Material shown:
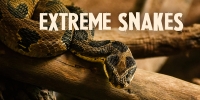 La mort au bout des crocs (Extreme Snake)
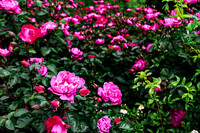 Rose Mix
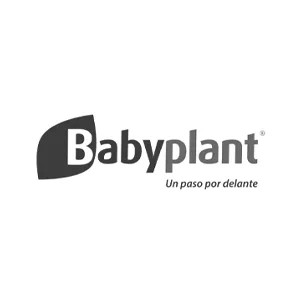 Baby Plant
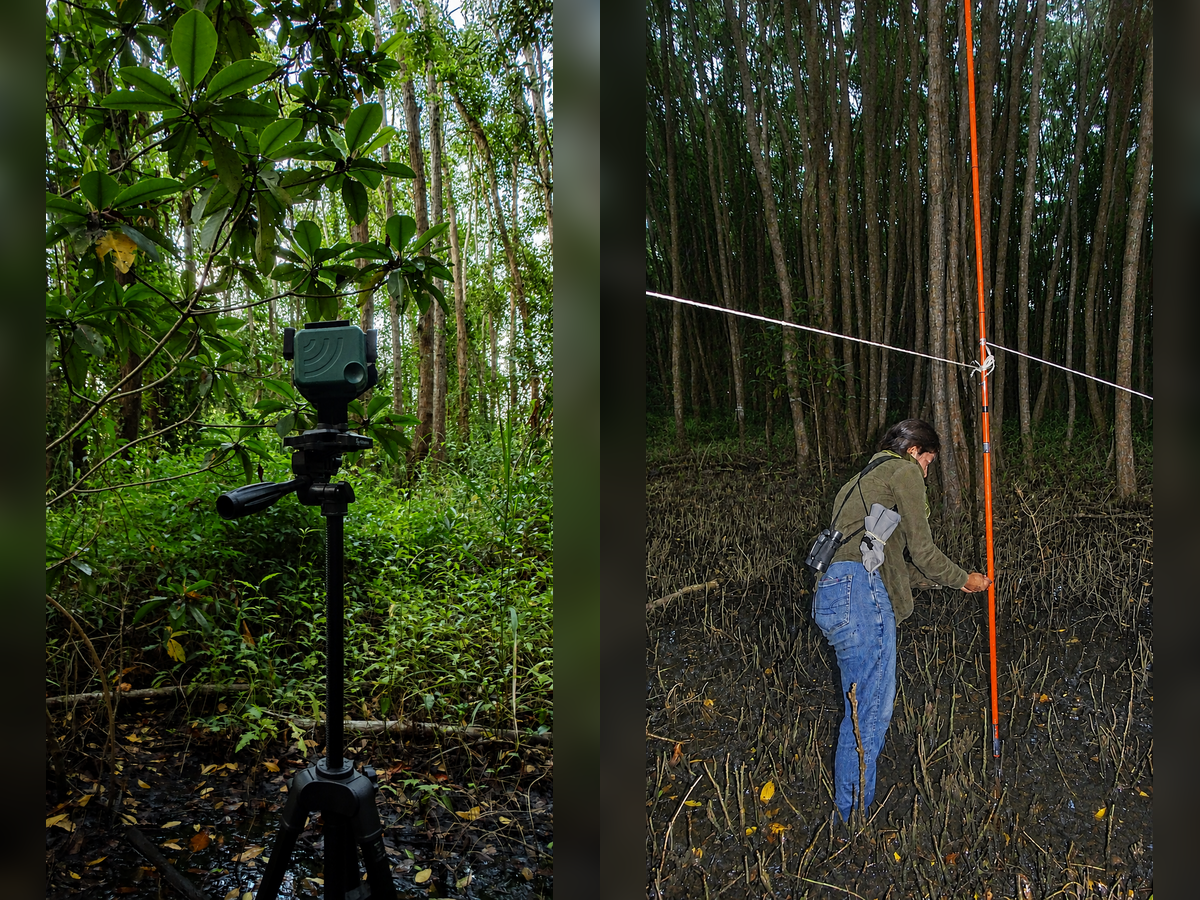 Monitoring equipment and a researcher conducting field measurements in a dense mangrove forest.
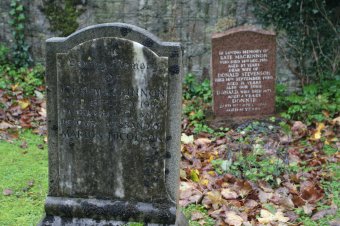 IMG_7928.JPG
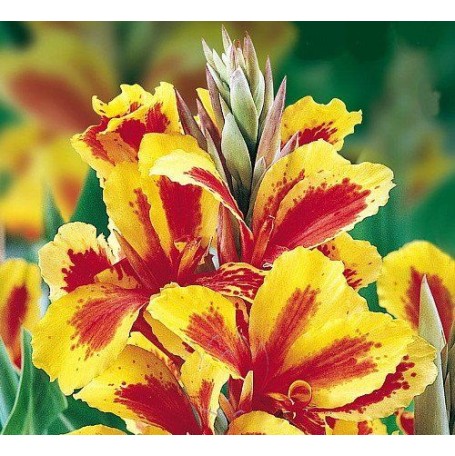 Bulbi Canna inalta Queen Charlotte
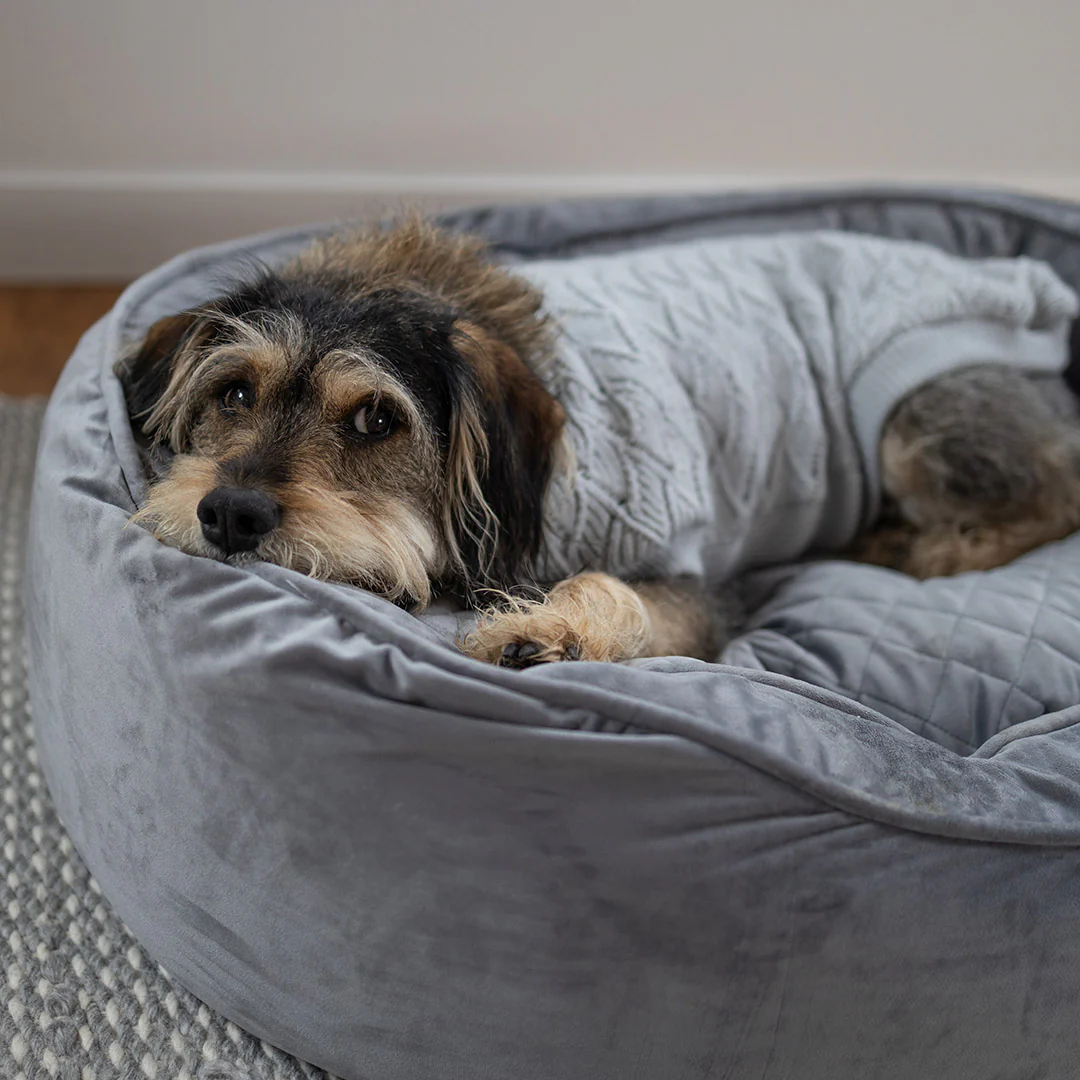 Grey Wave Dog Jumper - Image 9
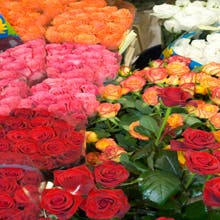 Featured photo from Callas Florist & Events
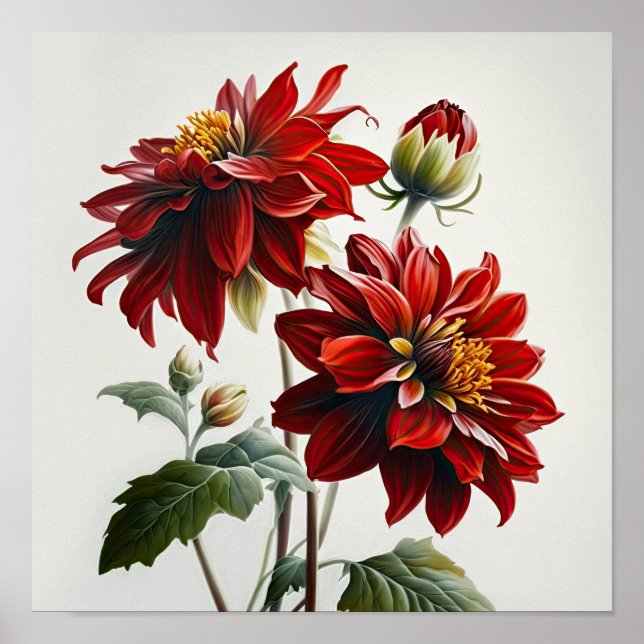 Poster de impresión de arte de flores de Dahlias R (Frente)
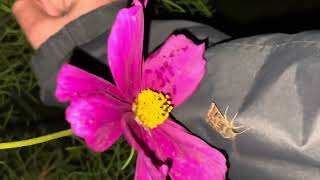 Lunar Underwing Moth In The House [upl. by Ennaeed]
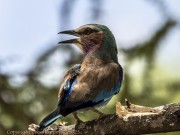 bee-eater-1-4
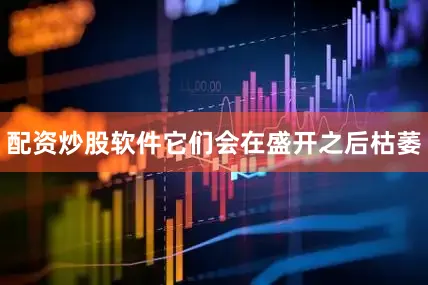 配资炒股软件它们会在盛开之后枯萎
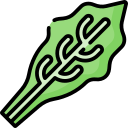 Project-report-for-stevia-processing-plant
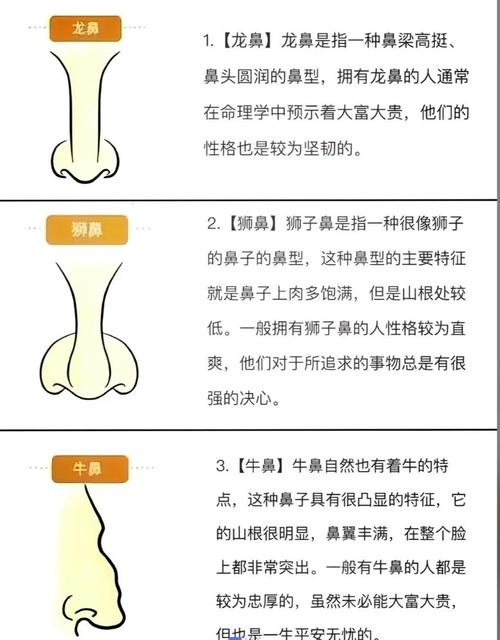 大富大贵的鼻子面相有什么显著特点？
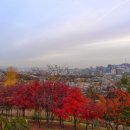 청운공원 이미지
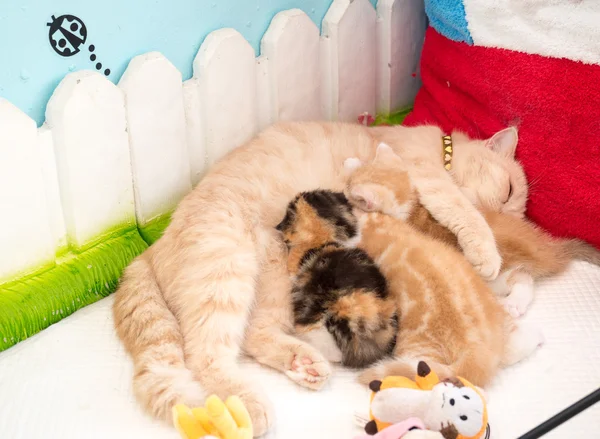 Emzirme belgili tanımlık yavru kedi kedi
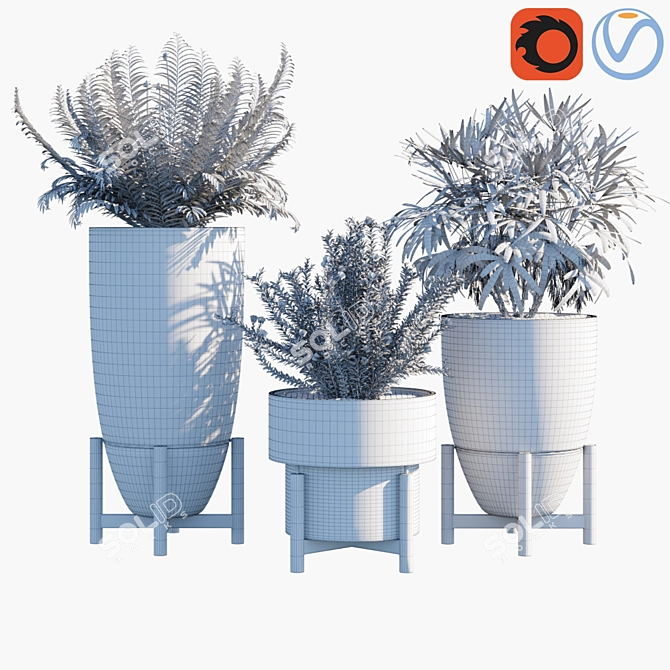 Trio of Greenery: Rhapis Excelsa, Sword Fern, Woolly Grevillea 3D model image 2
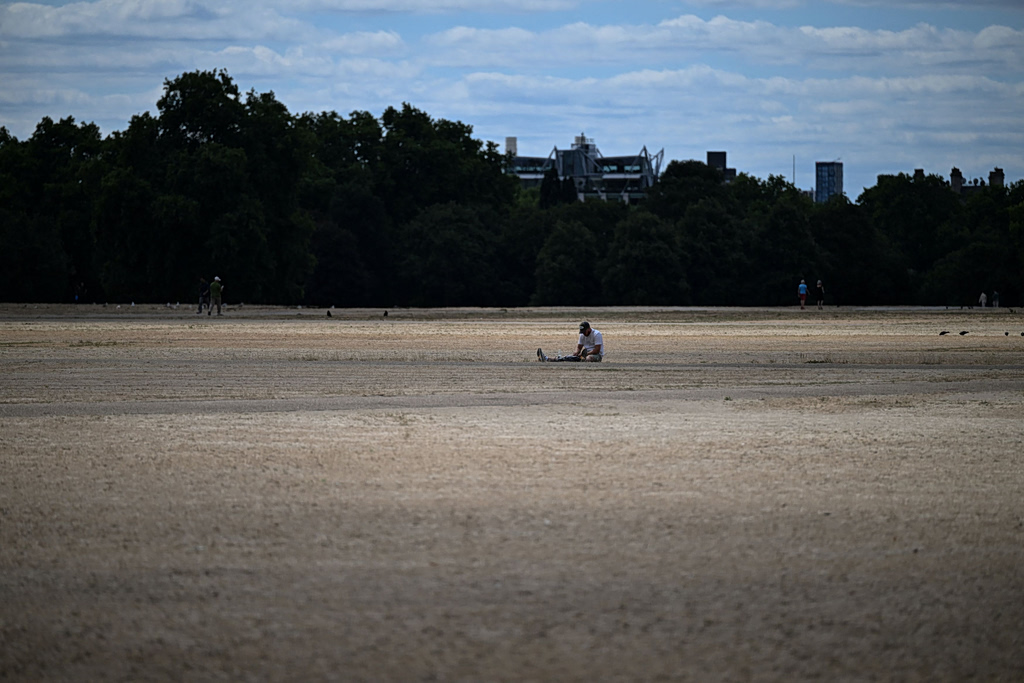 Why Hyde Park’s Grass In Britain Turned Yellow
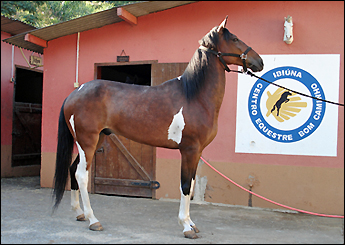 COMANCHE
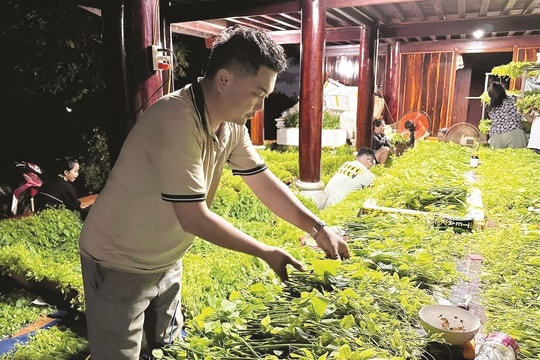 Đưa rau bò khai xuất ngoại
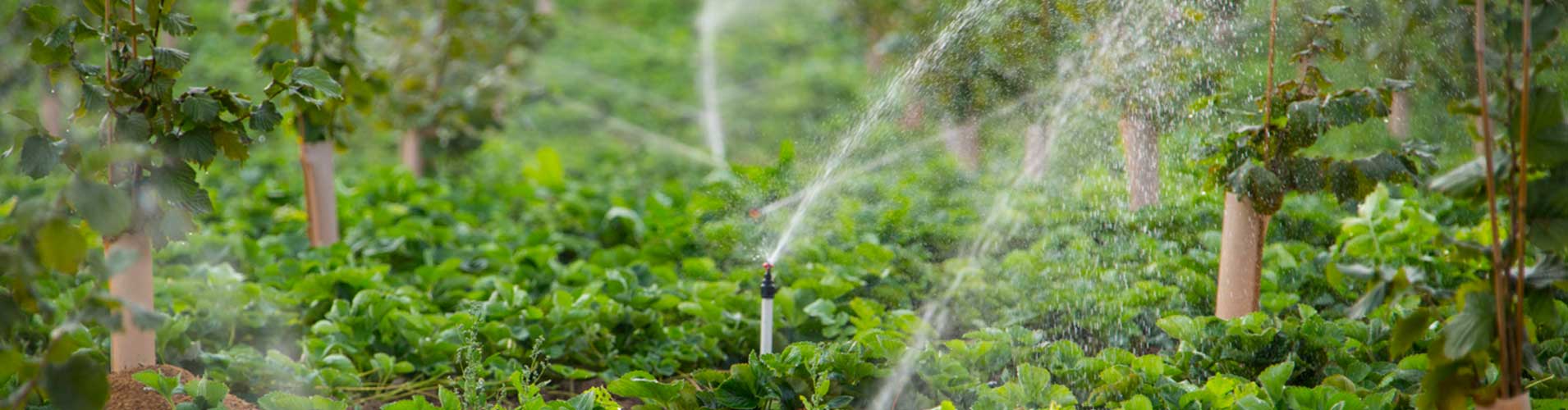 Irrigation sprinkler watering lush green crop rows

Goal of the exercise:
Leaving out the pictures, print each line of the records above from the first up to and including the one that contains "Đưa rau bò khai xuất ngoại", exactly as written.

Answer box:
 La mort au bout des crocs (Extreme Snake)
 Rose Mix
 Baby Plant
 Monitoring equipment and a researcher conducting field measurements in a dense mangrove forest.
 IMG_7928.JPG
 Bulbi Canna inalta Queen Charlotte
 Grey Wave Dog Jumper - Image 9
 Featured photo from Callas Florist & Events
 Poster de impresión de arte de flores de Dahlias R (Frente)
 Lunar Underwing Moth In The House [upl. by Ennaeed]
 bee-eater-1-4
 配资炒股软件它们会在盛开之后枯萎
 Project-report-for-stevia-processing-plant
 大富大贵的鼻子面相有什么显著特点？
 청운공원 이미지
 Emzirme belgili tanımlık yavru kedi kedi
 Trio of Greenery: Rhapis Excelsa, Sword Fern, Woolly Grevillea 3D model image 2
 Why Hyde Park’s Grass In Britain Turned Yellow
 COMANCHE
 Đưa rau bò khai xuất ngoại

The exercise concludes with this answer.